Instead of apologizing, Fima embraced them roughly with his free arm and his crippled sleeve, and covered the drowsy Challenger's head with frantic pecks, like a starving chicken. He kissed Yael too, whatever he could lay hold of in the dark: not finding her face, he bent over and kissed her wet back, wildly, from shoulder to shoulder. Then he rushed outside to look for the bus stop in the dark in the pouring rain. Because in the meantime his prophecy had come true, when he said to Ted, "Raining? A deluge, more like." And at once he was soaked to the skin.
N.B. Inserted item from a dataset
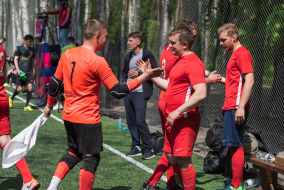 <a href="https://st.getinfootball.com/albums/1081502/646279d3babbc_1920.jpg" target="_blank">Завантажити оригінал</a>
6. AS IF SHE WERE HIS SISTER

AND IN FACT HE DID END UP HAVING A KIND OF DATE THAT EVENING. Soon after half past ten, frozen and drenched, with his shoes oozing water, he rang the bell at the Gefens' garden gate. They lived in a secretive, thick-walled stone house in the German Colony, surrounded by old pines, set deep inside a large plot protected by a stone wall.

"I was just passing and I saw a light on," he explained hesitantly to Nina, "so I decided to bother you for a minute or two. Just long enough to collect that book about Leibowitz from Uri and to tell him that on second thought we were both right about the Iran-Iraq War. Should I come back another time?"

Nina chuckled, grabbed his arm, and rugged him indoors.

"But Uri's in Rome," she said. "You phoned yourself on Saturday night to say good-bye to him, and you gave him a whole lecture on the telephone about why it would be better for us if Iraq defeated Iran. Just look at you: what a sight! And am I really supposed to believe that you just happened to be strolling down our road at eleven o'clock at night? Whatever will become of you, Fima?"

"I had a date," he muttered, struggling to disentangle himself from his dripping overcoat. He explained:

"The sleeve's stuck."

Nina said:

"Sit yourself down here by the heater. You've got to get dry. I don't suppose you've eaten anything cither. I was thinking about you today."

"I was thinking about you too. I wanted to try to tempt you into coming to a film with me, to see a comedy with Jean Gabin at the Orion. I called you but there was no answer."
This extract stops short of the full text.